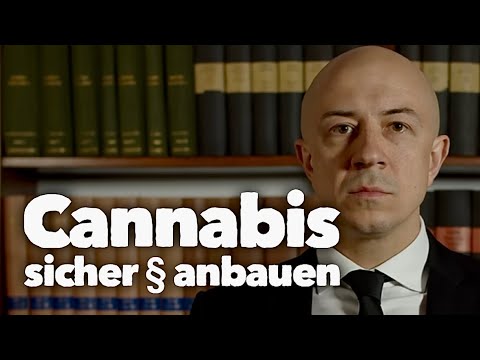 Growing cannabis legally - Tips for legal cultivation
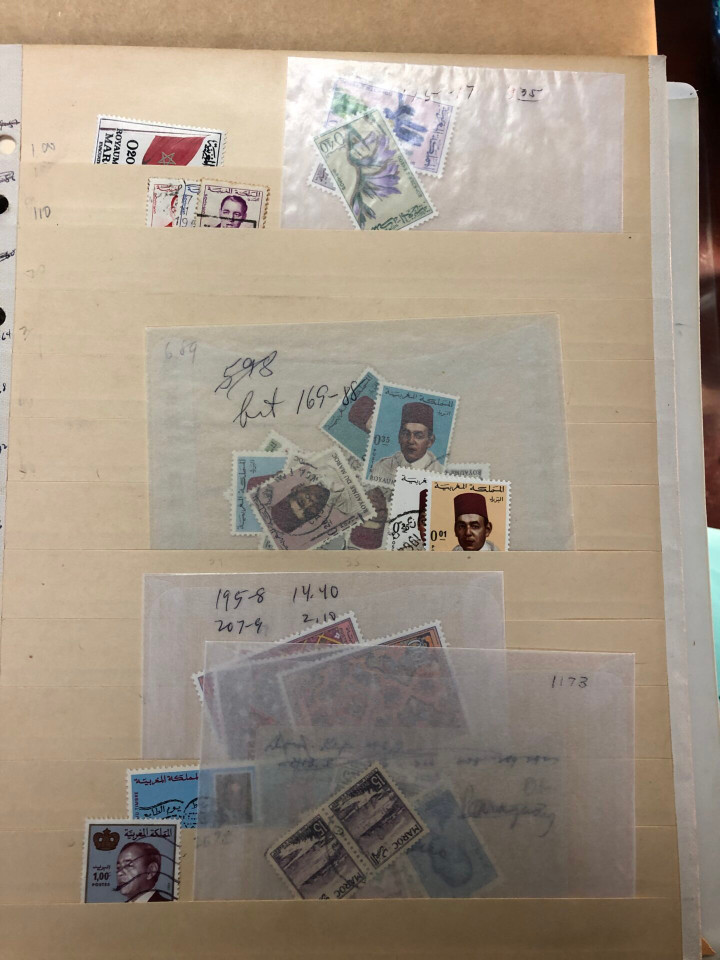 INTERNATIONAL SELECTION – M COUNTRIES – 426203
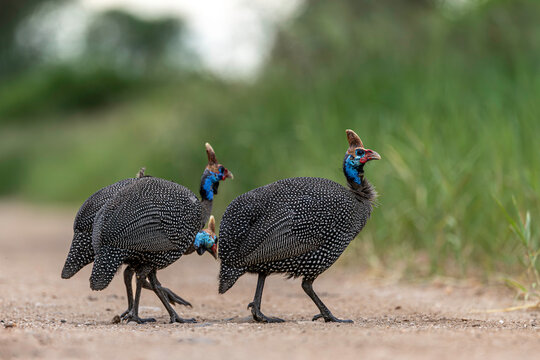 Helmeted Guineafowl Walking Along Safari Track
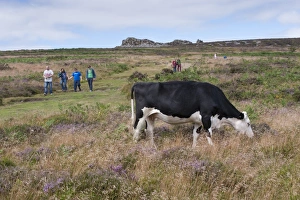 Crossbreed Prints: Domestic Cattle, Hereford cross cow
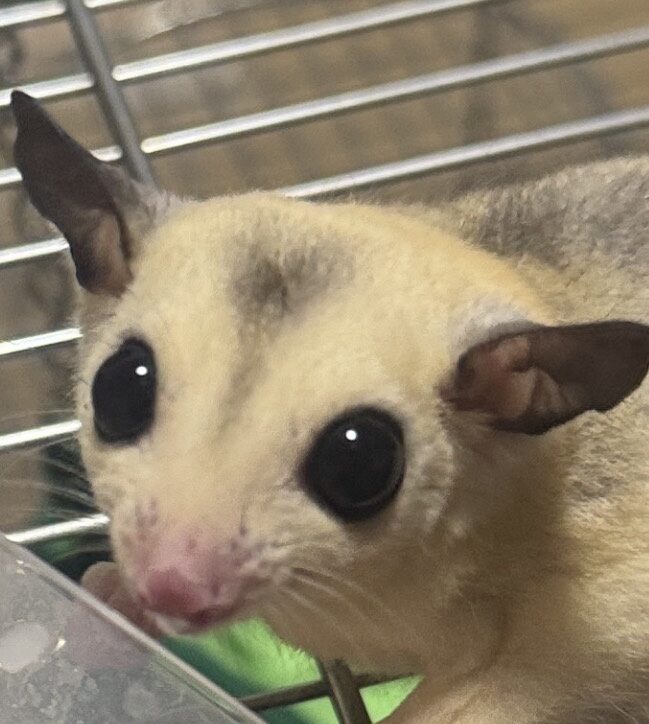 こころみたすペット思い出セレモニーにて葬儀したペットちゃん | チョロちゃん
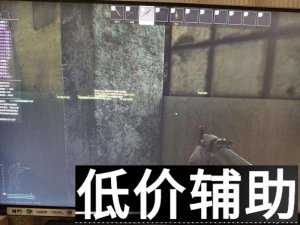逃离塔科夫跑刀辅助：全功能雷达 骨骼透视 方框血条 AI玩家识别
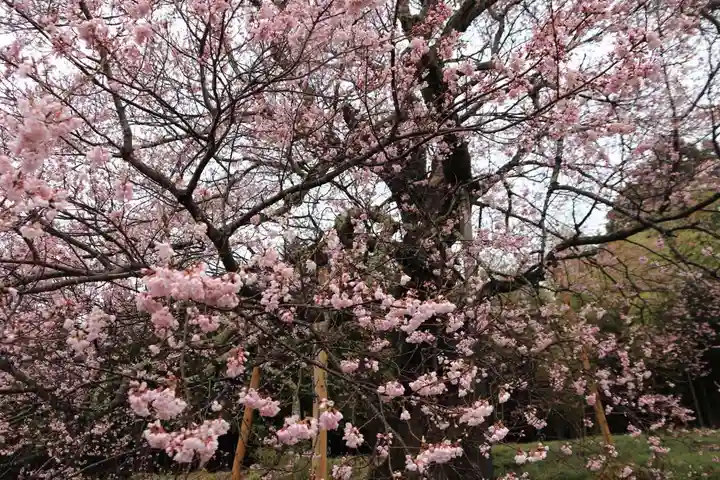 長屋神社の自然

=-=-=

**Your goal**. With the pictures removed, write the listing out word for word.

**Response**.
 Growing cannabis legally - Tips for legal cultivation
 INTERNATIONAL SELECTION – M COUNTRIES – 426203
 Helmeted Guineafowl Walking Along Safari Track
 Crossbreed Prints: Domestic Cattle, Hereford cross cow
 こころみたすペット思い出セレモニーにて葬儀したペットちゃん | チョロちゃん
逃离塔科夫跑刀辅助：全功能雷达 骨骼透视 方框血条 AI玩家识别
 長屋神社の自然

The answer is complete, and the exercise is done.